For General Preparation

  • Notify authorities of the death if it has occurred outside a hospital, hospice, or nursing home
  • Assemble personal information for the death certificate and obituary
  • Notify family and friends – You have to decide what’s the best way to let people know that your loved one haspassed on. Sometimes calling may be appropriate for those closest. In thisage, sometimes social media surpasses us, so you may have to instruct people not to post of your loved one’s passing on outlets such as Facebook and Twitter without your permission.
  • Locate and read the last Will and Testament
  • Take care of financial needs as suggested as the New York City Department of Consumer Affairs.
    • Locate the family’s important papers, including wills, life insurance policies and stock certificates.
    • Call employee benefits office with deceased’s personal information
    • Notify Medicare.
    • You can get death certificates, and request multiple copies of it, by calling the NYC Department of Health (212) 788-4250, though your funeral director can also assist you with this.
    • Notify Social Security by calling (800) 772-1213.
    • Investigate whether you can get emergency cash before insurance claims are paid.
    • If your loved one served in the U.S. military, call the Veterans Administration at (800) 827-1000.
    • Avoid spending large sums of money while you’re in an emotional state. Consider taking a friend along with you during your funeral planning.
    • Contact a financial counselor.
  • Choose a charity for donation in lieu of flowers (if requested).
  • Gather photos and memorabilia for display.
  • Gather cemetery information such as deed to the plot and receipt of purchase.

Funeral Preparation

  • Decide what kind of service you will have. The services can include variations of the services below.
    • Traditional funeral with burial
    • Traditional funeral with cremation
    • Direct burial (no viewing or funeral service)
    • Direct cremation (no viewing or funeral service)
    • Memorial service with burial
    • Memorial service with cremation
  • Determine who will pay the costs of the service.
  • Select a funeral director.
    • In New York, state law says you must have a funeral director to handle all of the arrangements of preparing and transporting your loved one’s remains for cremation or burial and filing the death certificate. No matter what your religion or culture is, be prepared to seek out the assistance of a funeral director.
  • Select your funeral home.
    • Be sure to shop around and check various prices for the services you have selected.
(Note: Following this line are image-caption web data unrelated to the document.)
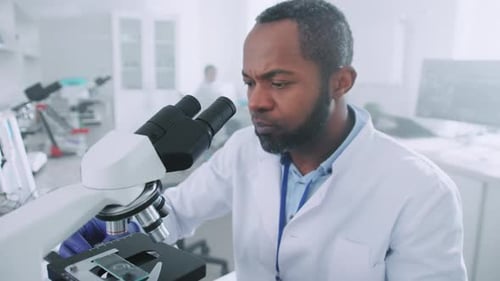 Close Up African American Scientist Man in Uniform Looking Under a Microscope Microbiologist Working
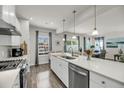 Modern kitchen featuring a large island, stainless steel appliances, and ample counter space at 134 Country Oaks Ln, Wando, SC 29492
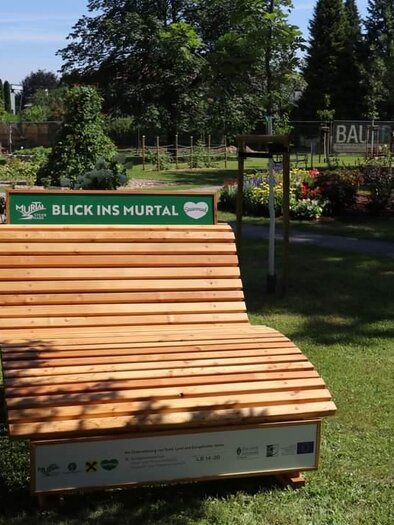 Eine Holzliege im Park mit der Aufschrift "BLICK INS MURTAL". Im Hintergrund sind Bäume und eine gepflegte Gartenlandschaft zu sehen. | © Erlebnisregion Murtal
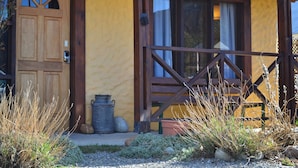 Un bâtiment rustique avec une porte en bois, une fenêtre ornée de rideaux et une balustrade en bois.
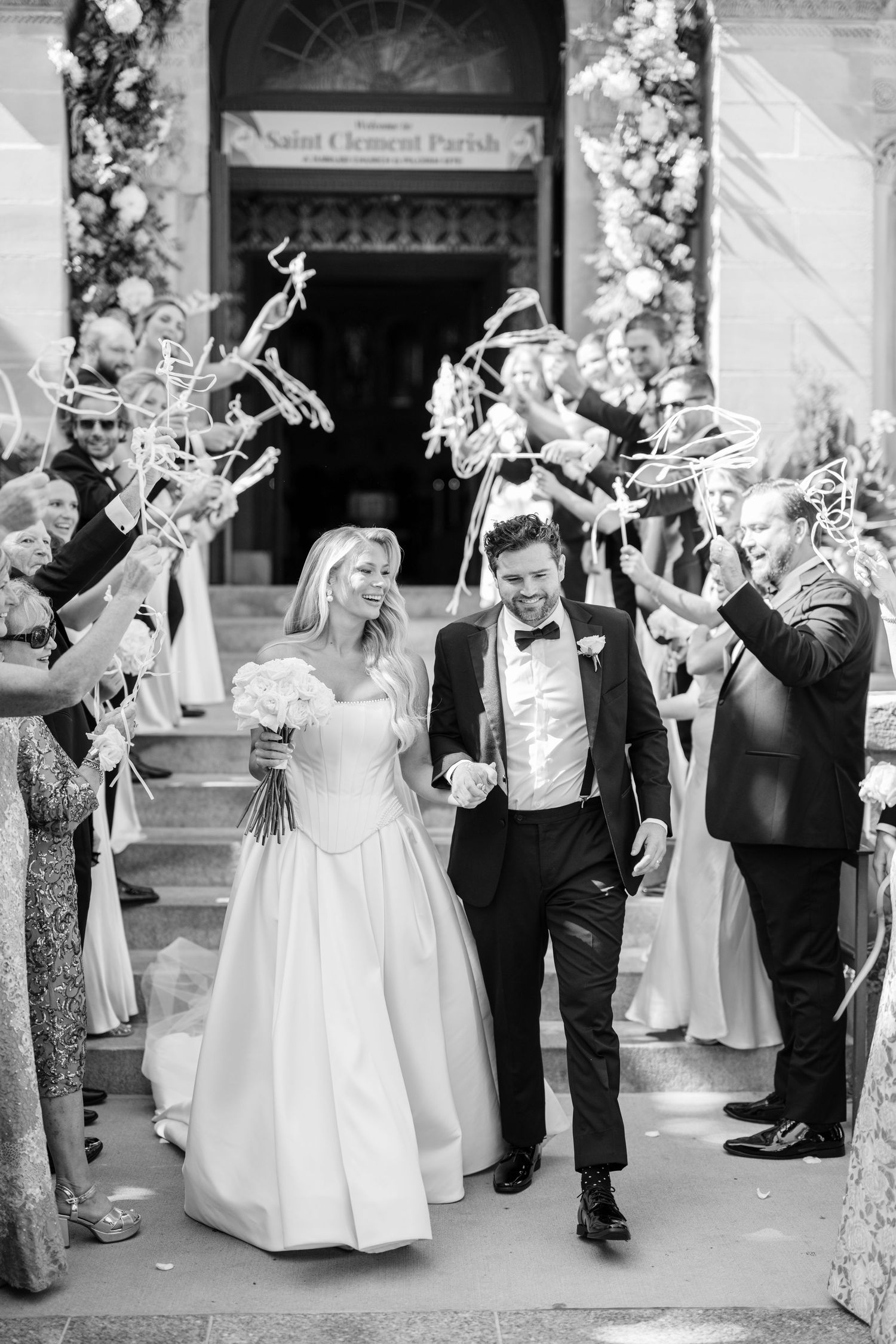 Black and white photo of a wedding ceremony inside an ornate cathedral with multiple couples in bridal gowns and guests.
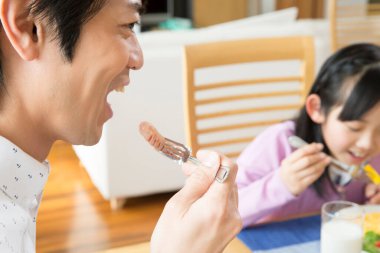 Baba ve kızı kahvaltıda eğleniyor.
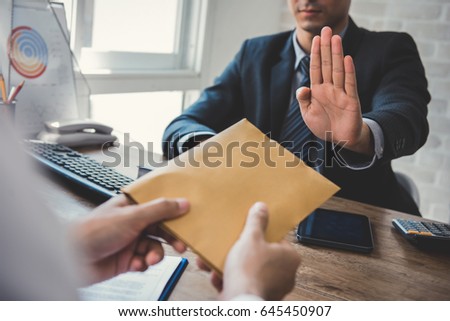 Businessman refusing money in the envelope offered by a man - anti bribery and corruption concepts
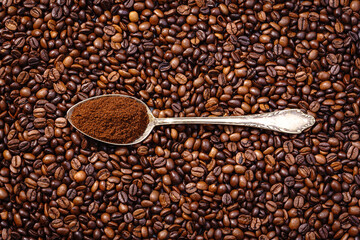 Palone ziarna kawy  z łyżką wypełnioną mieloną kawą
By federal law, the funeral home must provide you with a general price list.
    • Have an idea of the clothing and jewelry you want yourloved one to wear, which can include special pins for membership and various associations or other accessories that may have been special to them.
  • Select clergy.
  • Select speakers for the eulogy.
  • Select pallbearers (typically 4-6).
  • Consider catering food/options for after the funeral procession.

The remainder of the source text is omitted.